Bottom line – do not let your brain grow fallow over the summer. Even if you do not end up in some formal learning environment, you can take it upon yourself to read – grab some books at the library on a topic you enjoy. Form a book club with friends. Read magazine articles regularly. Try keeping a journal and challenge yourself to write once a week. Grab a crossword puzzle or sudoku. Find some summer math packets to keep your math skills fresh. If you spend just a half hour to an hour a week on math, you will be so far ahead when you start school. And if you read for three hours a week, you will see no lag when you begin English – you might even be a bit ahead!

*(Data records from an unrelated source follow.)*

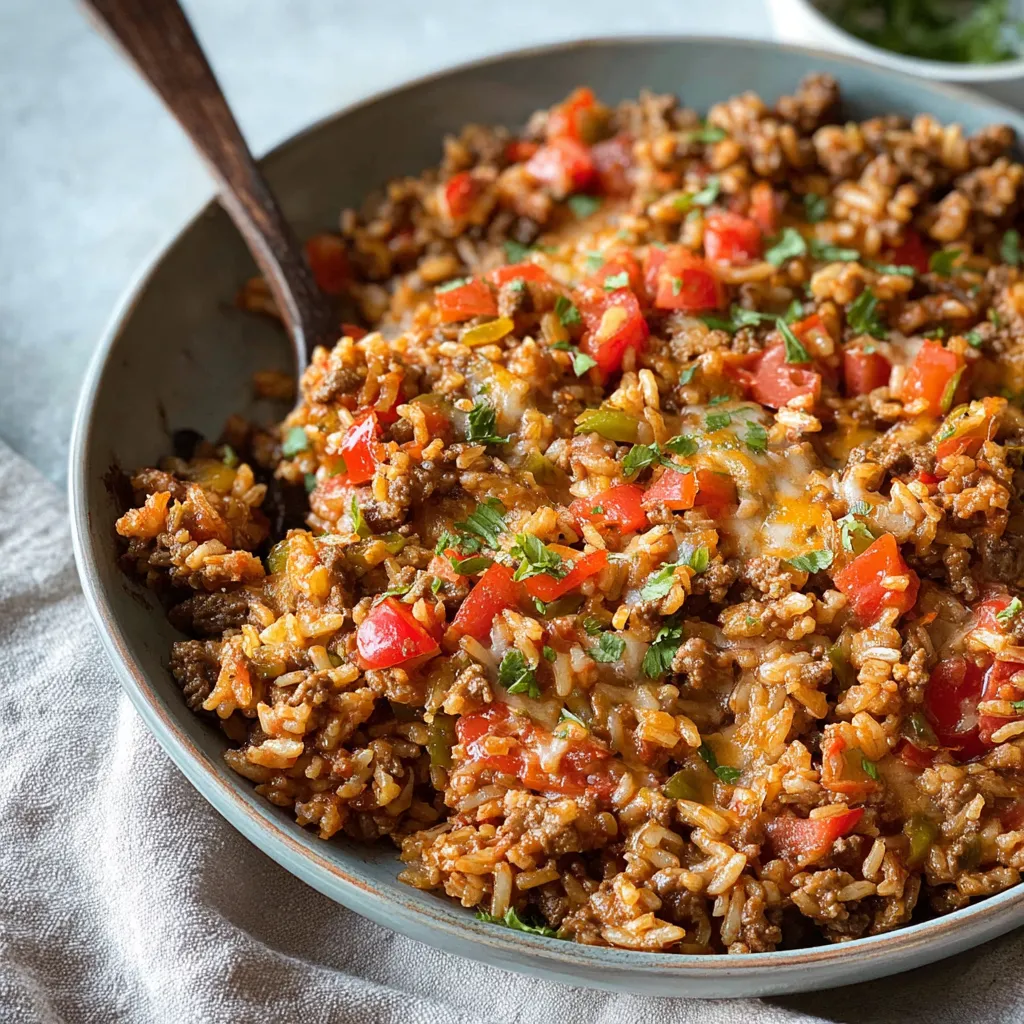 Unstuffed Pepper Skillet served in a cast iron skillet, showcasing a delicious and easy weeknight meal.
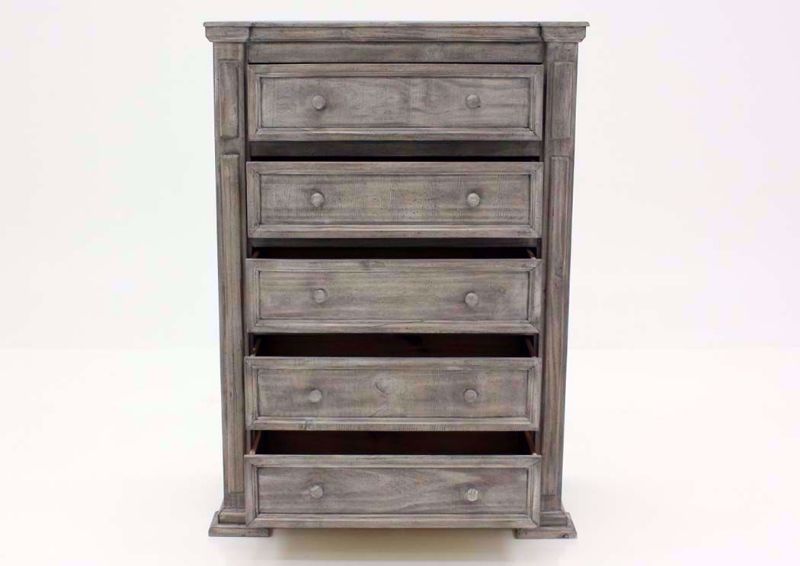 Weathered Gray Maverick Chest of Drawers Facing Front with the Drawers Open | Home Furniture Plus Bedding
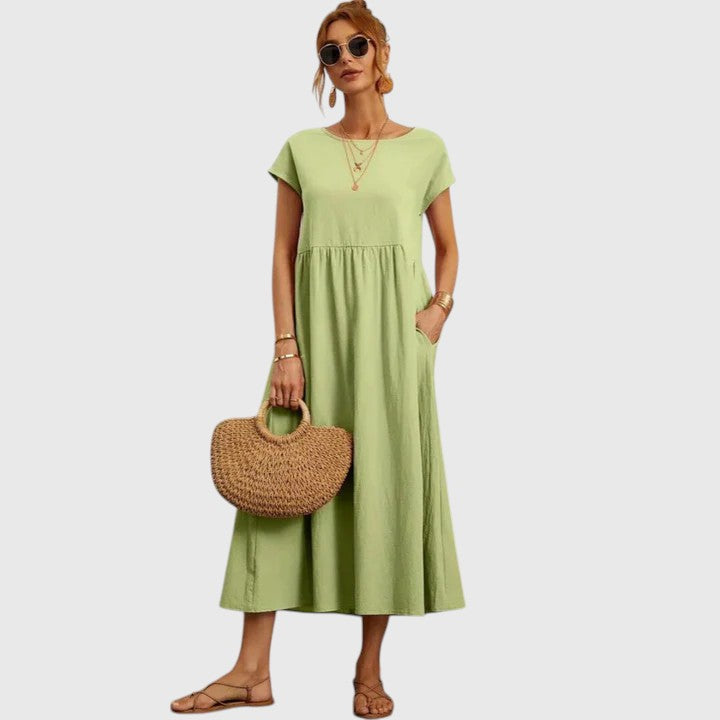 Fenella Comfortable Midi Dress Casual Breathable Relaxed Fit For Everyday Wear by Selouva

At Mackler, we offer programs over the summer that fit with all of these needs. If you need to retake classes or have summer school for other reasons, we offer subject matter tutoring. If you want to start preparing for the PSAT or ACT, we have prep courses that are individual, one-on-one St. Louis tutoring. If you want to learn organizational and study skills or become a better writer, we have St. Louis tutoring sessions for that as well.
You can have a great summer – and still keep your wits about you for fall!